TASK ITEM: Each line from the one that holds "Women’s Chaco Z/Cloud Sandal" to the end of the entries is to be given again exactly. Do not include pictures.

PROVIDED INFORMATION:
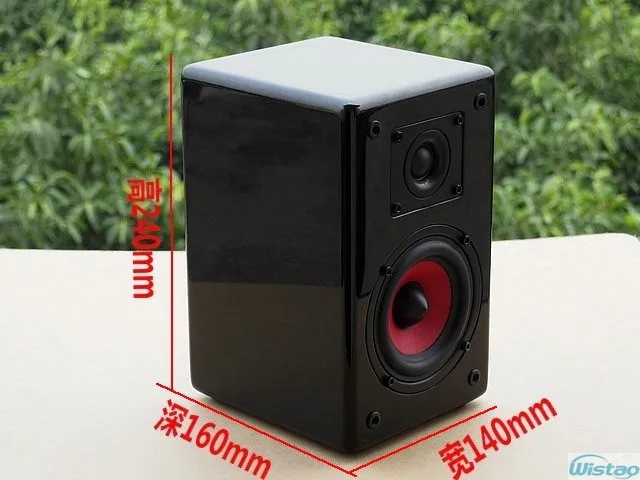 WHFSW-DL40TZF-02(8l)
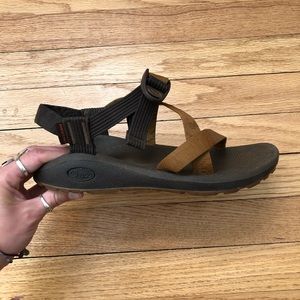 Women’s Chaco Z/Cloud Sandal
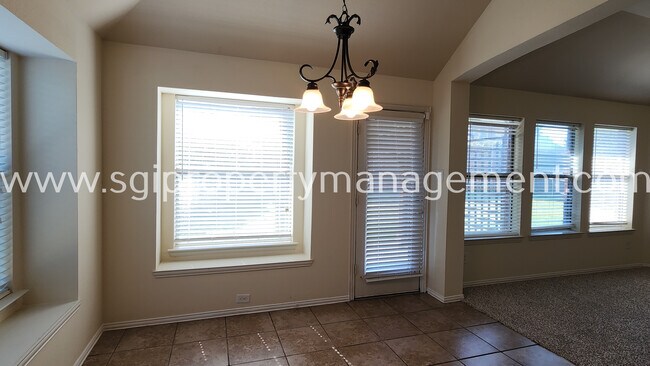 Building Photo - 126 Beacon Hill Ln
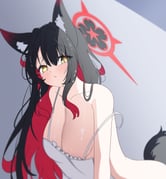 二次元插画 #11479234
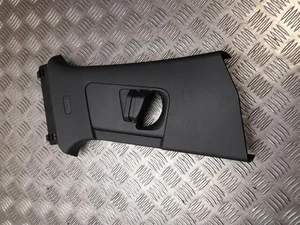 Audi 8Y4867244, 8Y4867244A A3 sedan (8YS) 2021 Tapisserie voiture right side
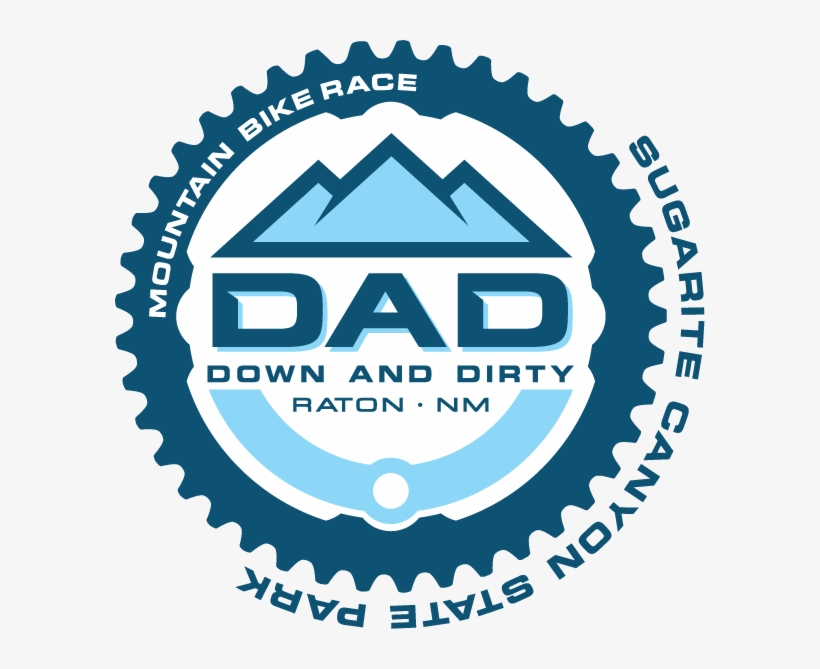 Raton Png, transparent png download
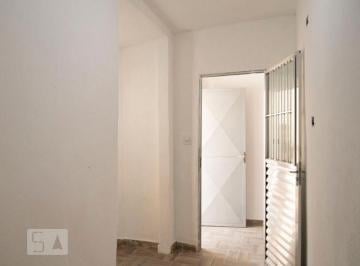 Casa en Venda de 5 quartos Vila Santa Virginia · Casa à Venda - Vila Ema, 5 Quartos, 300 m² - São Paulo
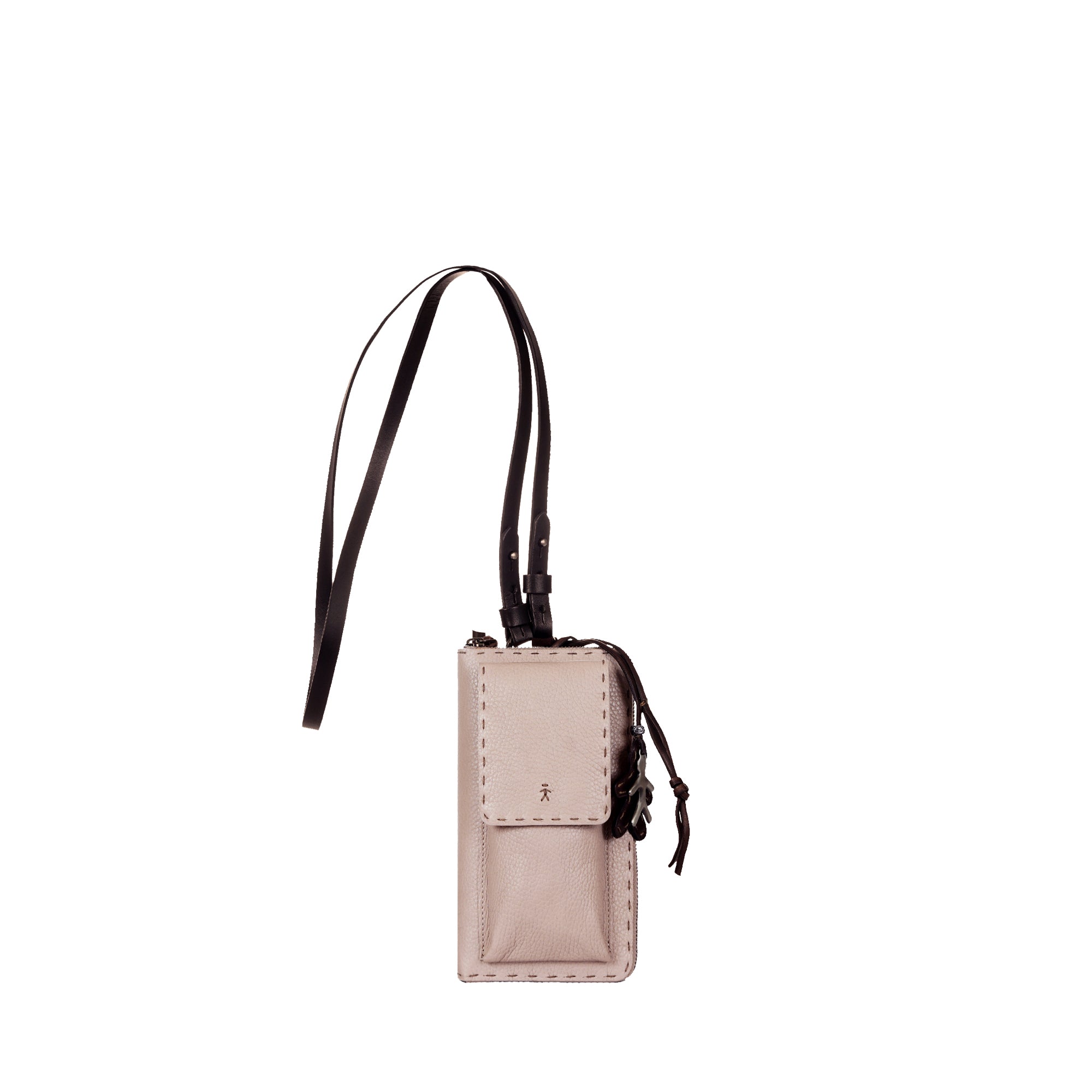BD4847 Ocean Phone Cervo Mauve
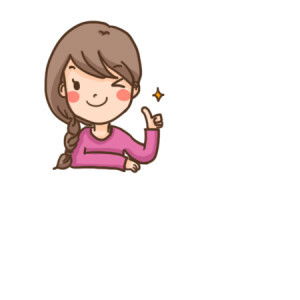 อาตี๋แปปซี่ profile icon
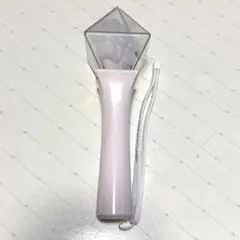 SnowMan スノラボ ペンライトのサムネイル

COMPLETED EXERCISE:
 Women’s Chaco Z/Cloud Sandal
 Building Photo - 126 Beacon Hill Ln
 二次元插画 #11479234
 Audi 8Y4867244, 8Y4867244A A3 sedan (8YS) 2021 Tapisserie voiture right side
 Raton Png, transparent png download
 Casa en Venda de 5 quartos Vila Santa Virginia · Casa à Venda - Vila Ema, 5 Quartos, 300 m² - São Paulo
BD4847 Ocean Phone Cervo Mauve
 อาตี๋แปปซี่ profile icon
 SnowMan スノラボ ペンライトのサムネイル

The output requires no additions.